Data to use |
*** Block opens ***

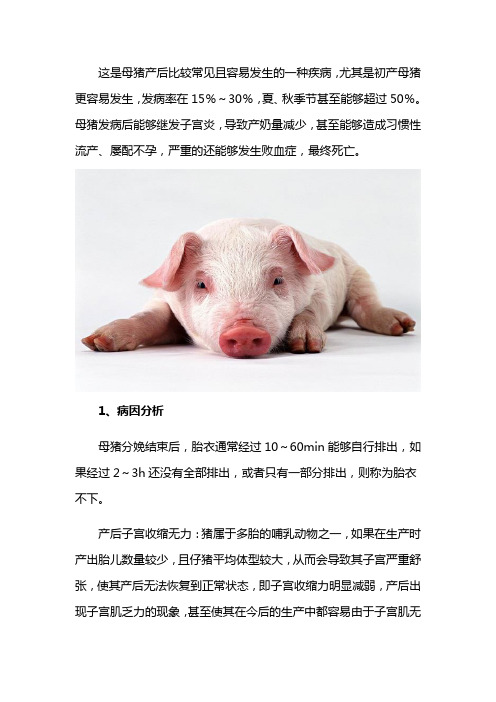 母猪胎衣不下怎么办？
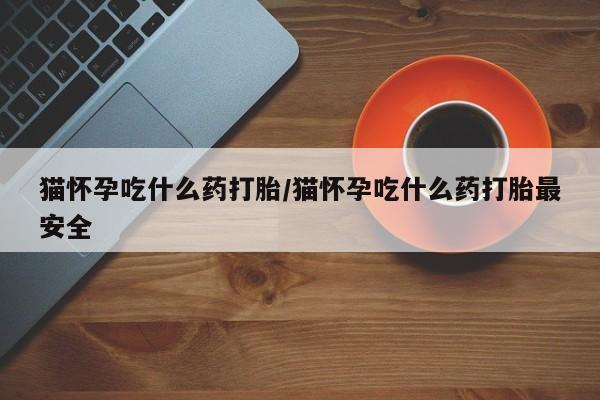 卖打胎药的微信堕胎药联系方式.猫怀孕吃什么药打胎/猫怀孕吃什么药打胎最安全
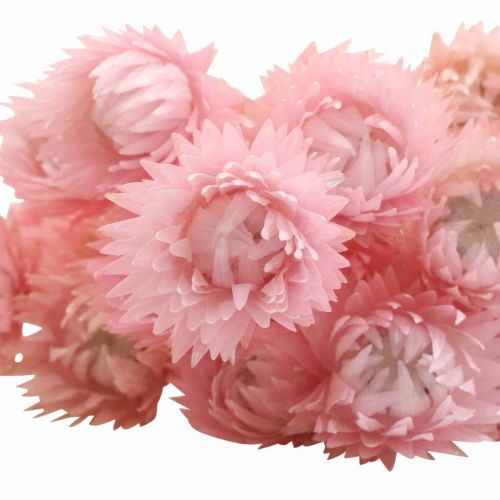 Artikel Torkade blommor keps blommor rosa halmblommor H42cm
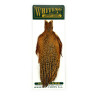 Whiting Hebert Miner Hen Cape barred dark ginger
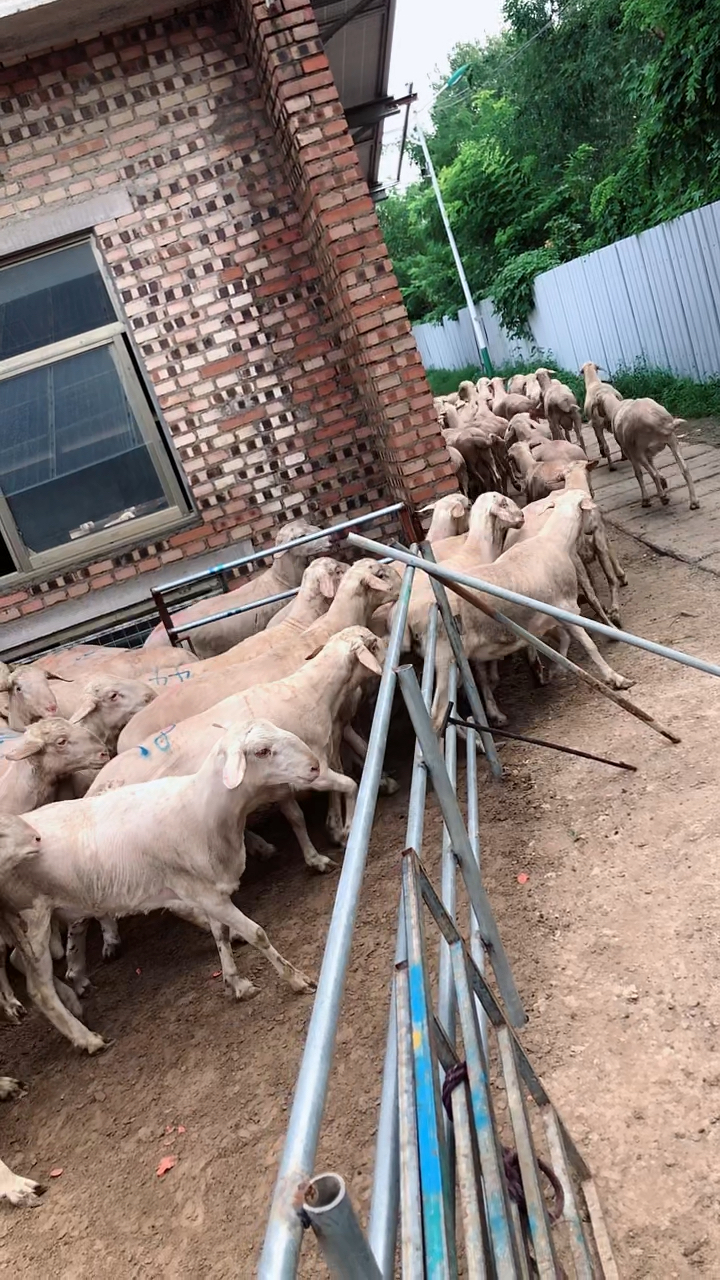 这批湖羊种公羊满意度相当高精力充沛一只公羊配50只母羊不成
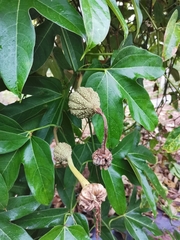 Hodgsonia macrocarpa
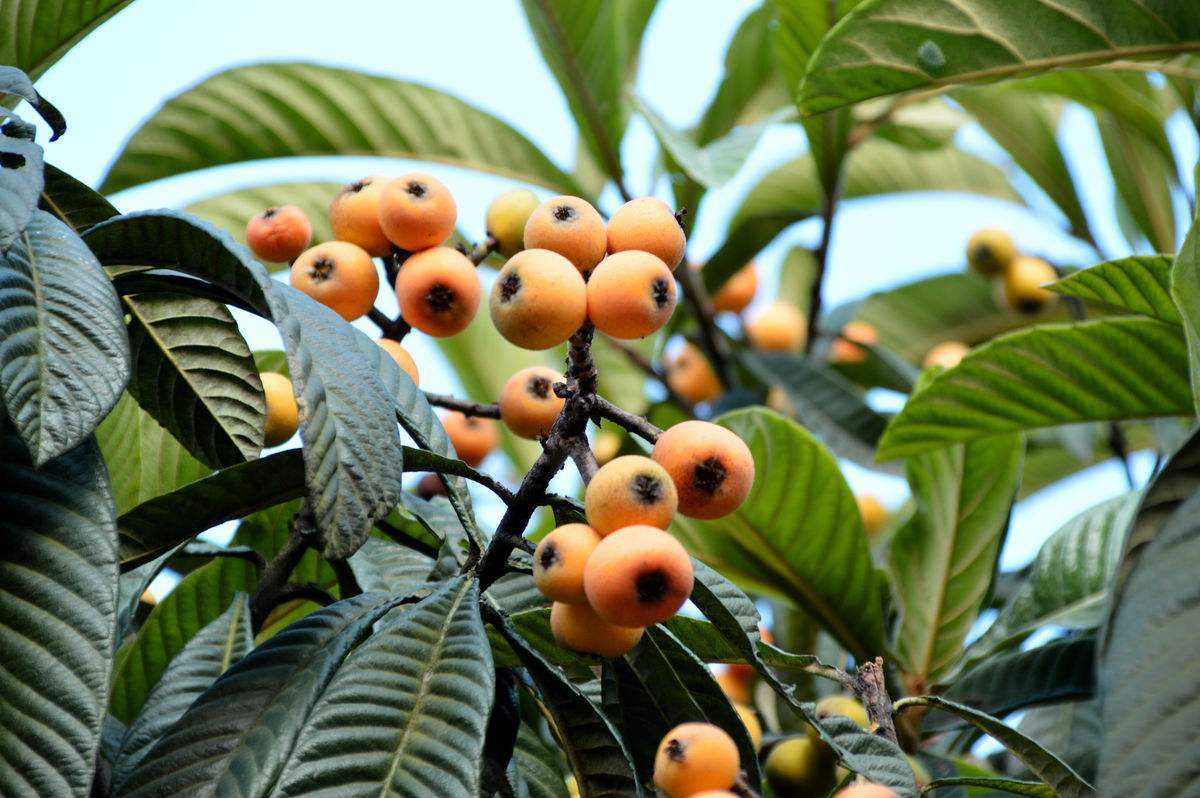 <b>金华穆坞村：枇杷树上的致富经</b>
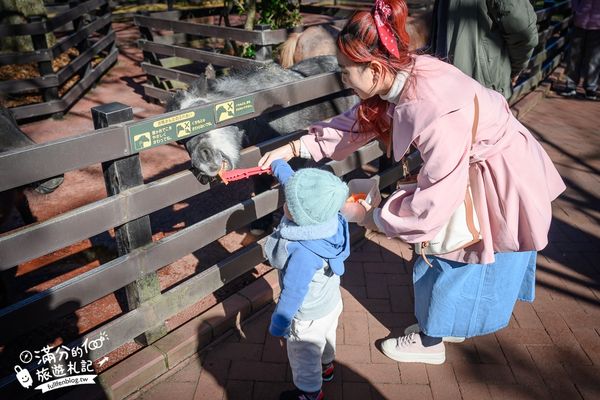 ▲▼【2025九州自然動物園】叢林巴士購票玩樂攻略!體驗餵獅子大象和駱駝,還能和長頸鹿合影超震撼。（圖／部落客滿分授權提供）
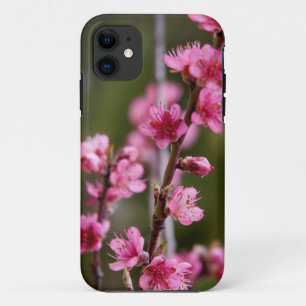 USA, California. Pink Blooms On A Tree iPhone 11 Case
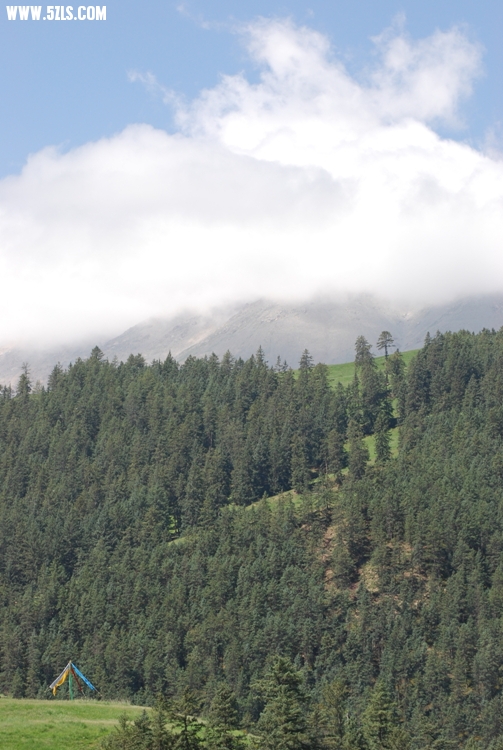 DSC_8932.jpg
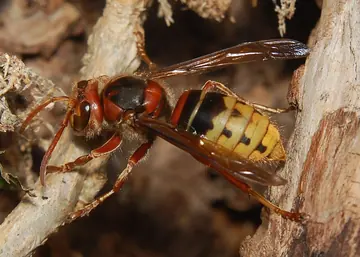 European hornet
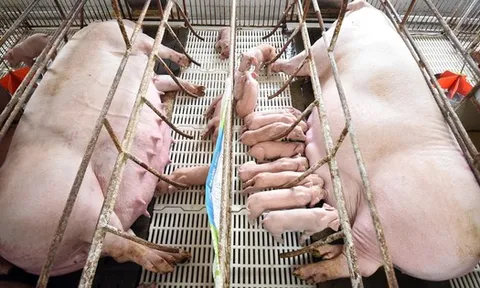 Giá thịt heo giảm, doanh nghiệp chăn nuôi lộ rõ bức tranh tài chính trái chiều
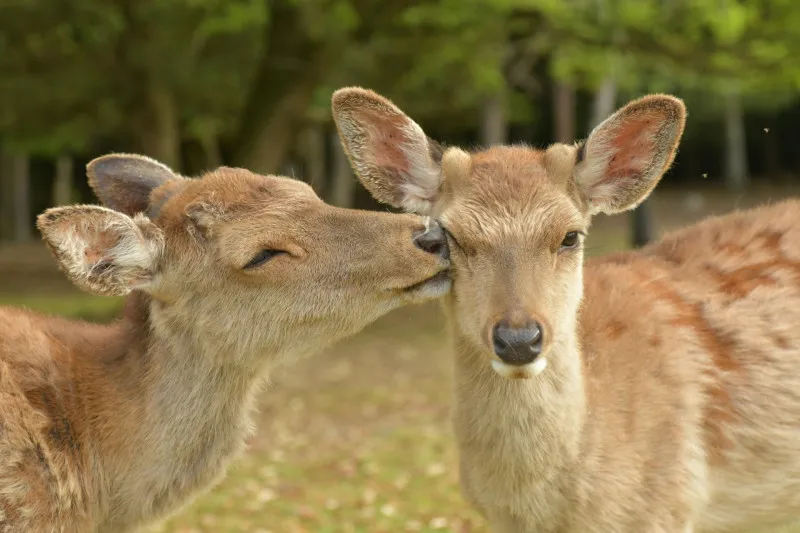 【キスの日】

*** Block closes ***

Exercise goal |
An exact copy of the lines from the one with "Whiting Hebert Miner" through the end of the records: produce that and nothing more, leaving out the pictures.

Your response |
 Whiting Hebert Miner Hen Cape barred dark ginger
 这批湖羊种公羊满意度相当高精力充沛一只公羊配50只母羊不成
 Hodgsonia macrocarpa
 <b>金华穆坞村：枇杷树上的致富经</b>
 ▲▼【2025九州自然動物園】叢林巴士購票玩樂攻略!體驗餵獅子大象和駱駝,還能和長頸鹿合影超震撼。（圖／部落客滿分授權提供）
 USA, California. Pink Blooms On A Tree iPhone 11 Case
 DSC_8932.jpg
 European hornet
 Giá thịt heo giảm, doanh nghiệp chăn nuôi lộ rõ bức tranh tài chính trái chiều
 【キスの日】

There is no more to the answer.